Le manque criant de services de physiothérapie accessibles –particulièrement flagrant dans le nord de la Colombie-Britannique –, l’explosion de la télésanté et les données probantes dont nous disposons montrent qu’il est effectivement temps pour le Canada d’adopter la téléphysiothérapie à grande échelle. Or il faudra probablement que les associations et les organismes de réglementation provinciaux et nationaux conviennent d’abord d’une stratégie commune.

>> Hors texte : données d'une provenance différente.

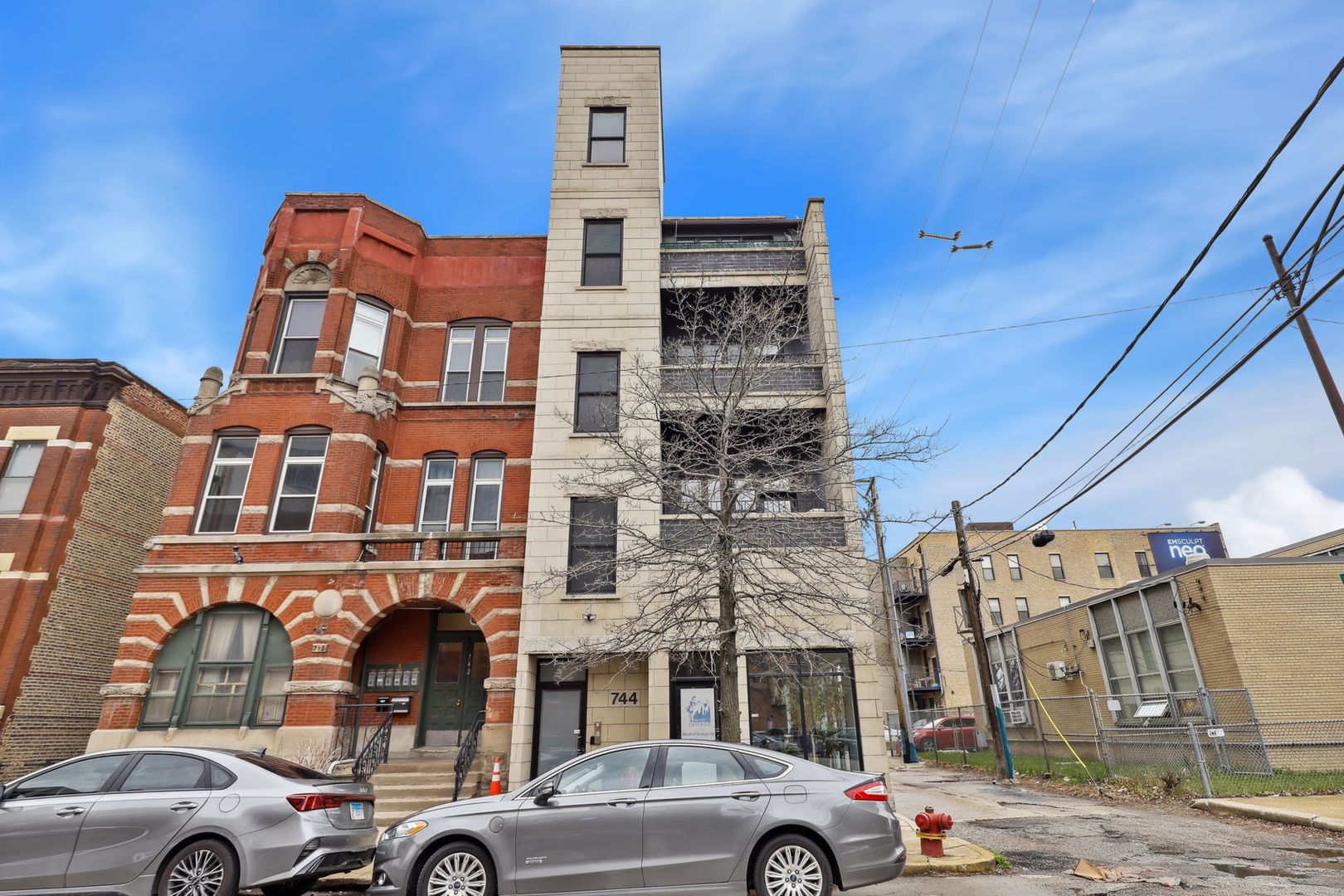 744 N May Street Unit: 202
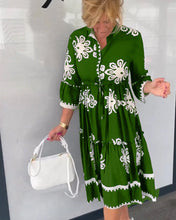 Laden Sie das Bild in den Galerie-Viewer, Kleid mit Blumendruck und 3/4-Ärmeln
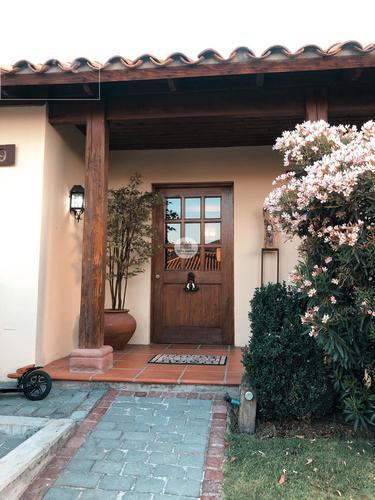 MARAVILLOSA Y AMPLIA CASA EN VENTA – CONDOMINIO LA FUENTE – COLINA, CHICUREO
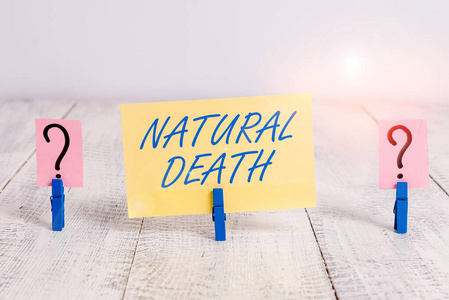 表现自然死亡的概念性手写体。自然放在桌上的文字和文字，自然会发生碎裂。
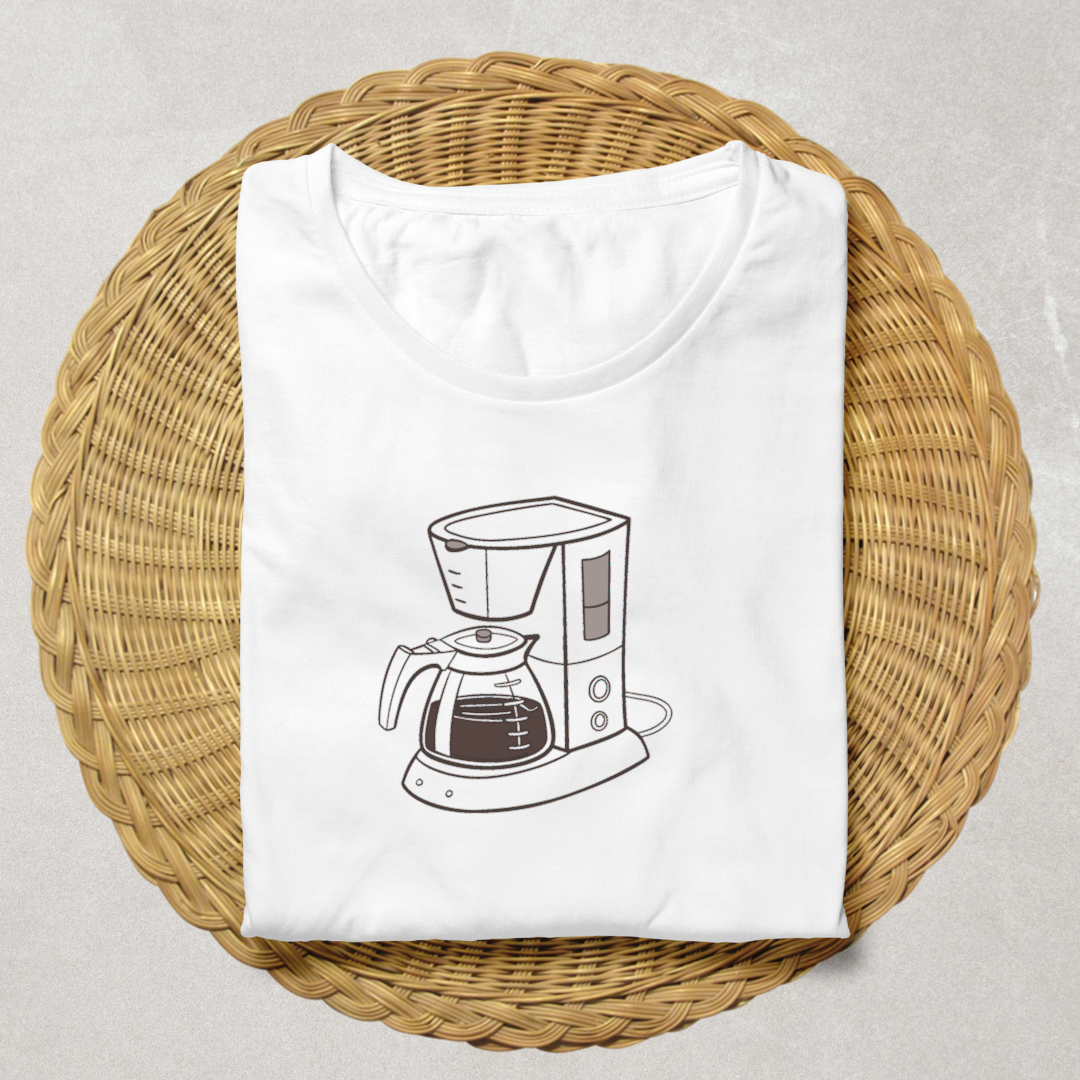 T-shirt avec icône ludique de cafetière en action style doodle ambiance matinale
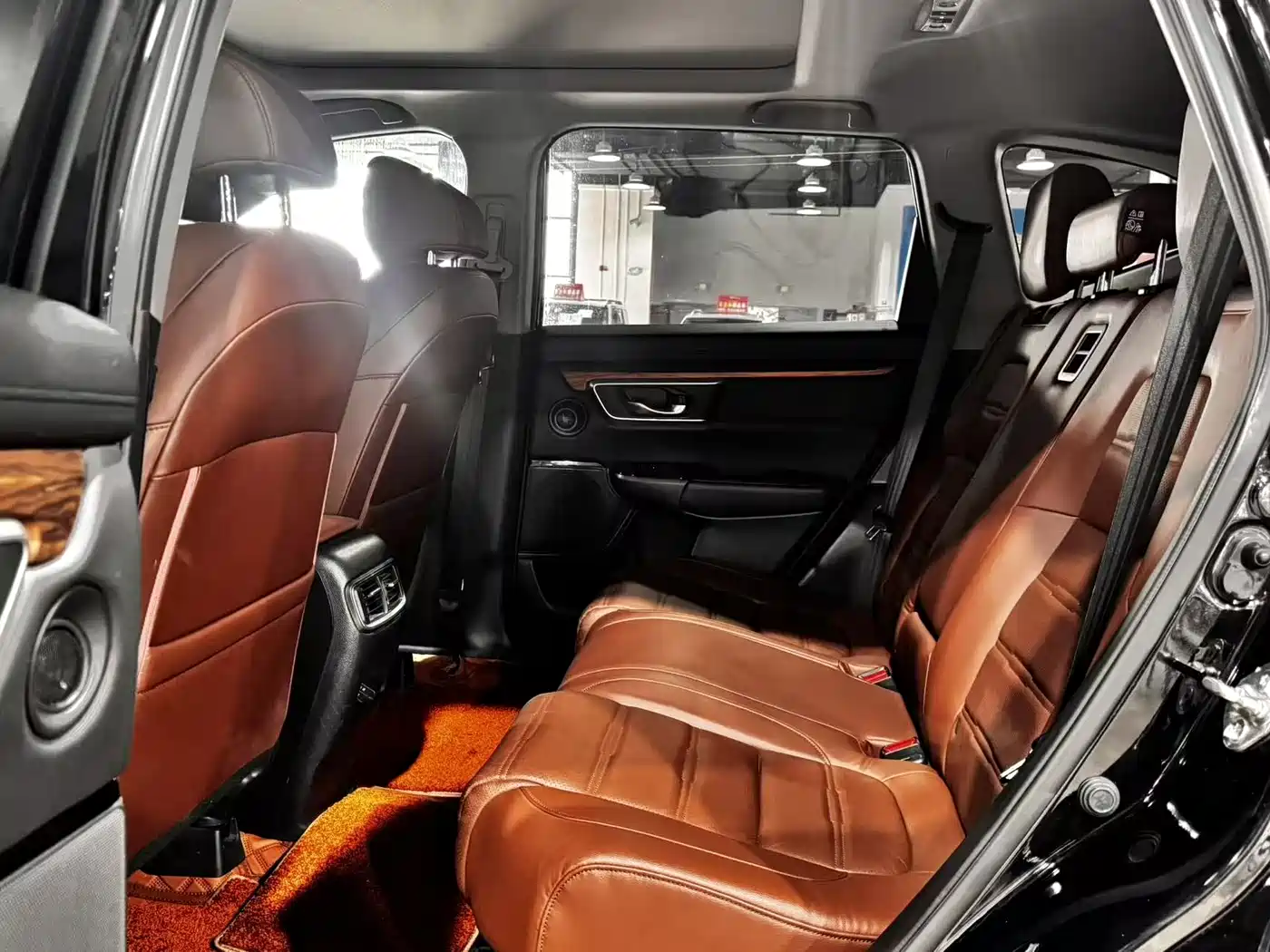 Фото 8 - Honda CR-V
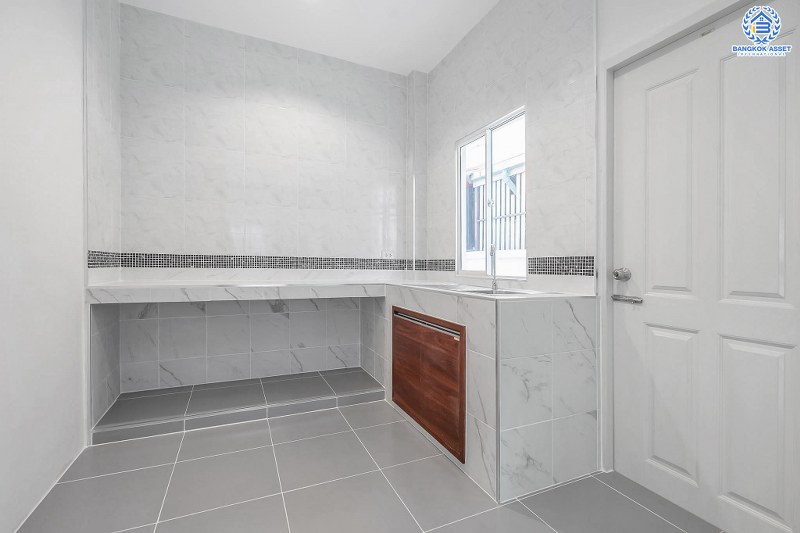 บ้านมือสองตกแต่งใหม่ ม.ลลินอินเดอะพาร์ค บางใหญ่-กาญจนาฯ พร้อมอยู่ เนื้อที่ 39.9 ตร.ว. ฟังก์ชั่น 3 ห้องนอน 2 ห้องน้ำ (ห้องน้ำกว้าง แบ่งโซนแห้ง-เปียก) บนทำเลทั้งใกล้ ทั้งสะดวก เพียง 5 นาทีจาก MRT สายสีม่วง "สถานีตลาดบางใหญ่" ราคาพิเศษสุด!...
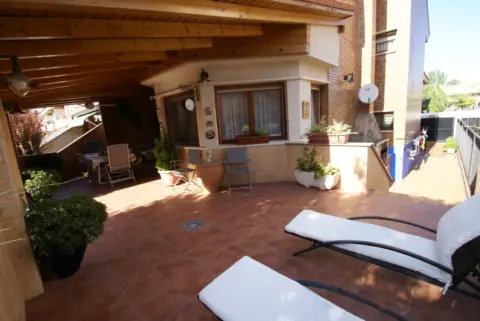 Chalet adosado en calle Rio Iluela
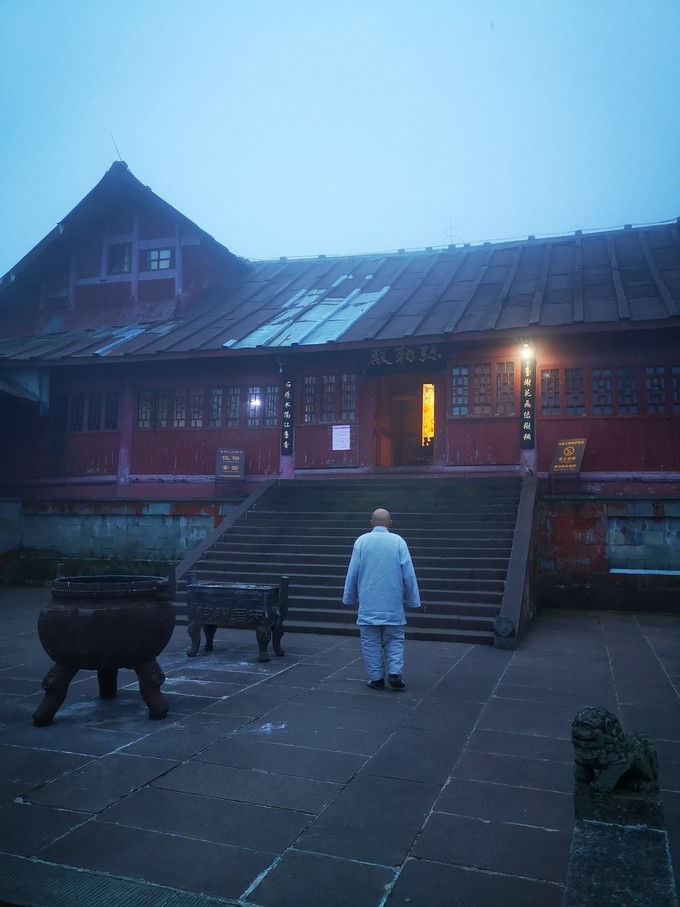 峨眉山攻略日出,峨眉山观雪攻略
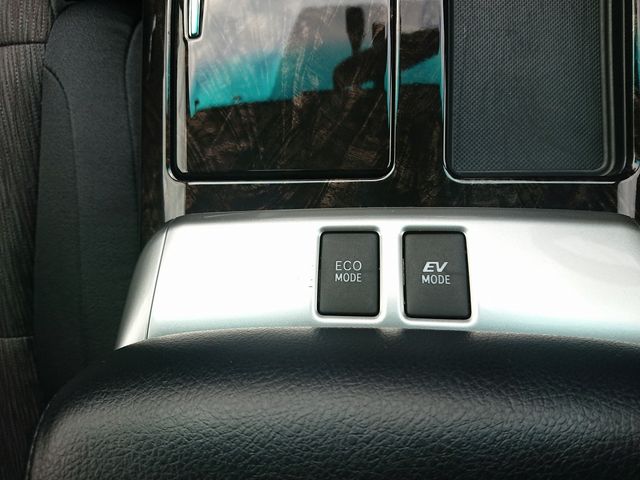 Toyota ALPHARD HYBRID 2012-07 23131-12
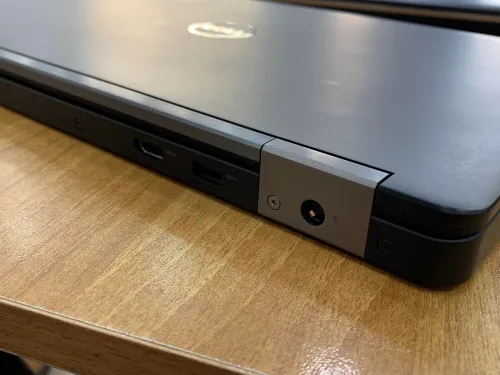 DELL LATITUDE 5580 / INTEL I5 7EME / 8 G / 256 / 15.6 FHD
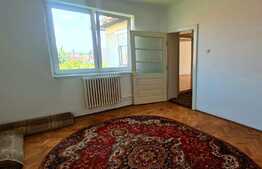 Casă de vanzare, 140 mp utili, teren de 186 mp, zona Piața Cluj, 2 persoane in curte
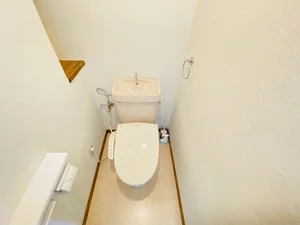 ウォシュレットつきのトイレです。老若男女皆様に安心してご利用いただけますね☆トイレにもトイレ用洗剤とトイレ用ブラシをご用意しておりますので長期ご利用の場合の気になる汚れなどもお掃除して頂けます＾＾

Comme première étape, il serait sage de suivre l’exemple d’autres pays. L’American Physical Therapy Association, par exemple, fait maintenant la promotion de la télésanté et a formulé un énoncé de position favorable et un ensemble de recommandations. L’Australian Physiotherapy Association a fait de même. Au Canada, aucune association ni aucun organisme de réglementation ne semble s’être penché sur ce dossier récemment.

 

Le document Considerations for Telepractice in Physical Therapy in Canada, publié par l’Alliance canadienne des organismes de réglementation de la physiothérapie en 2006, aurait besoin d’une mise à jour, mais serait un bon point de départ pour relancer le dialogue sur la téléphysiothérapie au Canada. Avec une stratégie commune, nous pourrions travailler avec nos parties prenantes à améliorer les mécanismes de financement et à élaborer des politiques encadrant l’utilisation de la téléphysiothérapie. La téléphysiothérapie ne convient certes pas à tous les physiothérapeutes, mais tous les ingrédients – besoin, intérêt et potentiel – sont réunis pour la sortir de l’ombre. Je rêve du jour où la téléphysiothérapie sera largement accessible partout au Canada et utilisée intelligemment pour assurer un accès plus équitable au système de santé.